- From: Bijan Parsia <bparsia@cs.man.ac.uk>
- Date: Wed, 6 Sep 2006 16:15:25 +0100
- To: Bijan Parsia <bparsia@cs.man.ac.uk>
- Cc: RDF Data Access Working Group <public-rdf-dawg@w3.org>
Jorge is picking on me :) (Not really, but he pointed out some stuff that is obvious, but not have been salient enough to most group members so I thought I'd pull them out.) REALLYREALLYDISTINCT (i.e., answer set leanness) is complex, no question. It is, importantly, difficult in the size of the results. (Now, i believe we'll hit that seldomly in real cases, but I don't have any empirical data organized for that yet). And the size of results is not independent of the size of the data. To paraphrase Jorge, the bigger the data, then the bigger the results for a fixed query. However, lean graph distinctness requires leaning the graph. Either you will *store* your graph lean, or you will lean it on demand. If you store it lean, then normal and DISTINCT won't give you any change in redundancy other than eliminating term redundancy (which can be handled pairwise).
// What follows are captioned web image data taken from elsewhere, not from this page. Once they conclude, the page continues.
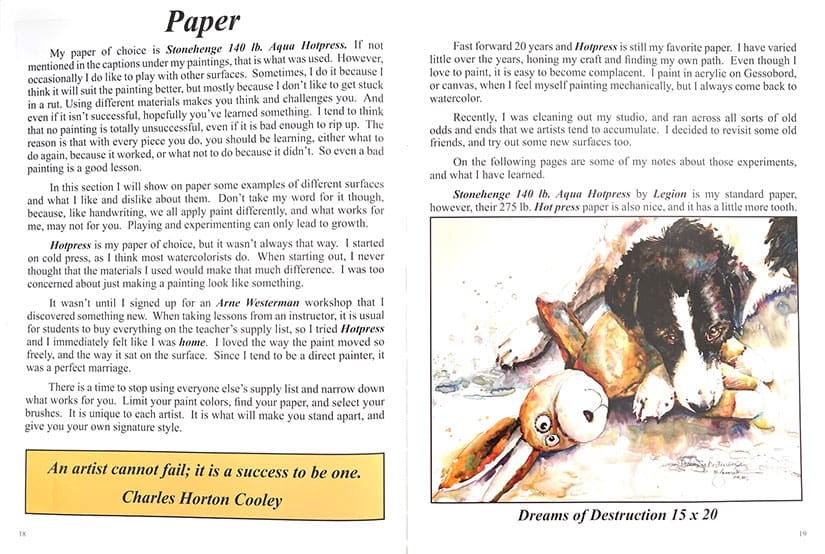 paper web 62722 A page of an article about dogs and their owners.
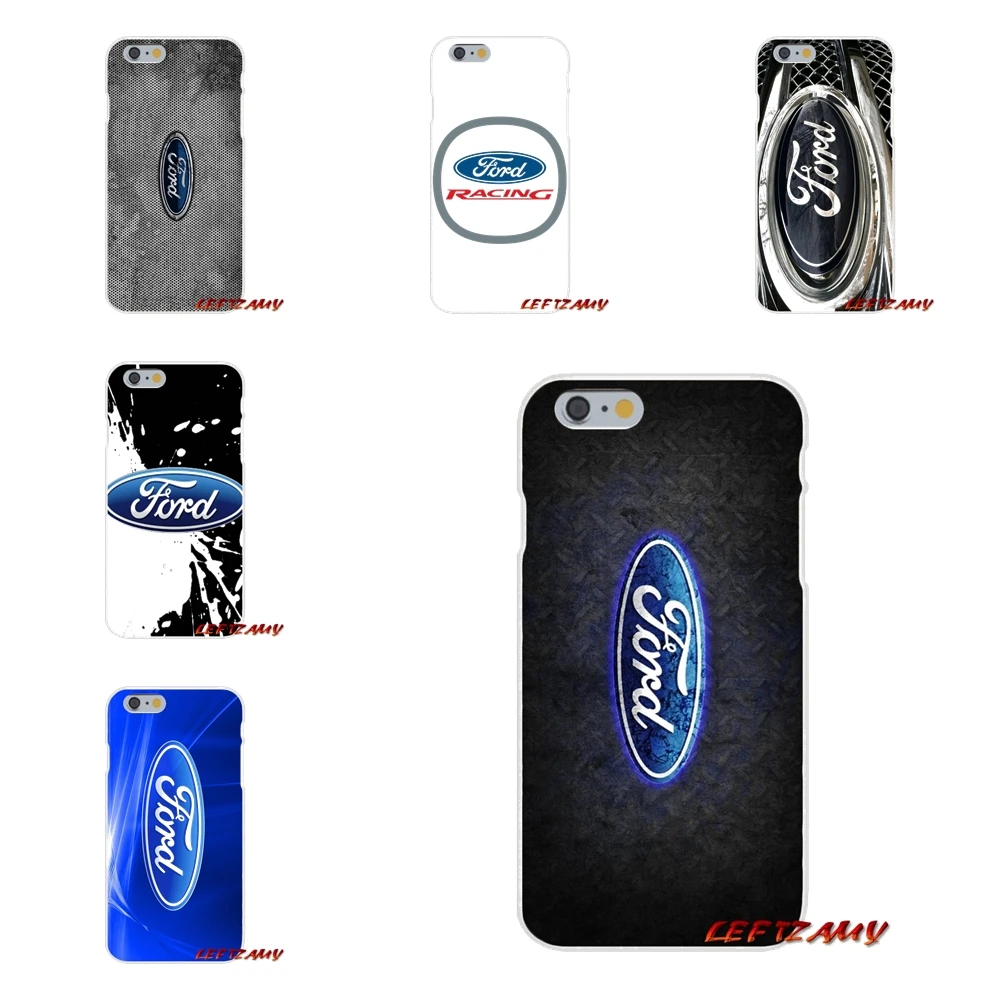 Аксессуары чехлы для телефонов Чехлы Ford Car Logo Racing Huawei P8 P9 P10 Lite 2017 Honor 4C 5X 5C 6X Mate 7 8 9 10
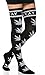 STAY Weed Print Thigh High Socks (Unisex)
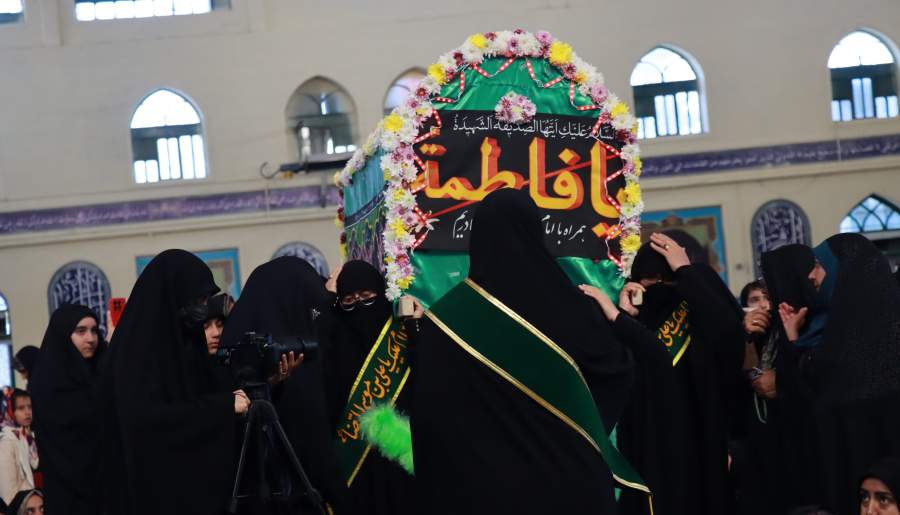 برگزاری اجتماع بانوان فاطمی در شهربابک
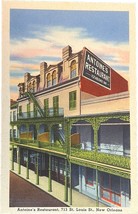 Antoine&#39;s Restaurant, New Orleans, Louisiana, vintage postcard - £11.79 GBP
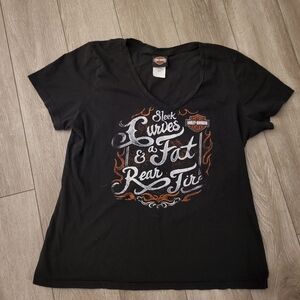2015 Rome Italy Harley Davidson Tee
If you lean it on demand, then you will experience a lot of pain on the first query (at least). You could be clever and maintain both graphs all the time, I suppose, or better, mark triples as part of the leaned graph or not (that's probably the best). Of course, since projection can introduce significant redundancy, it's possible that you'll have to lean answers from lean graphs when doing REALLY REALLY DISTINCT. If you give distinct URIs for leaned vs. non leaned versions of a graph, then you can emulate source leanness by directing the same query to each graph in normal mode. Since REALLYREALLYDISTINCT is only sensitive to the answer set, it can be done on the client with an analysis function. I'd also like to know about DISTINCT in combination with CONSTRUCT. My intuition says that the graph should be lean, but we can define it in other ways. Cheers, Bijan.
Received on Wednesday, 6 September 2006 15:15:45 UTC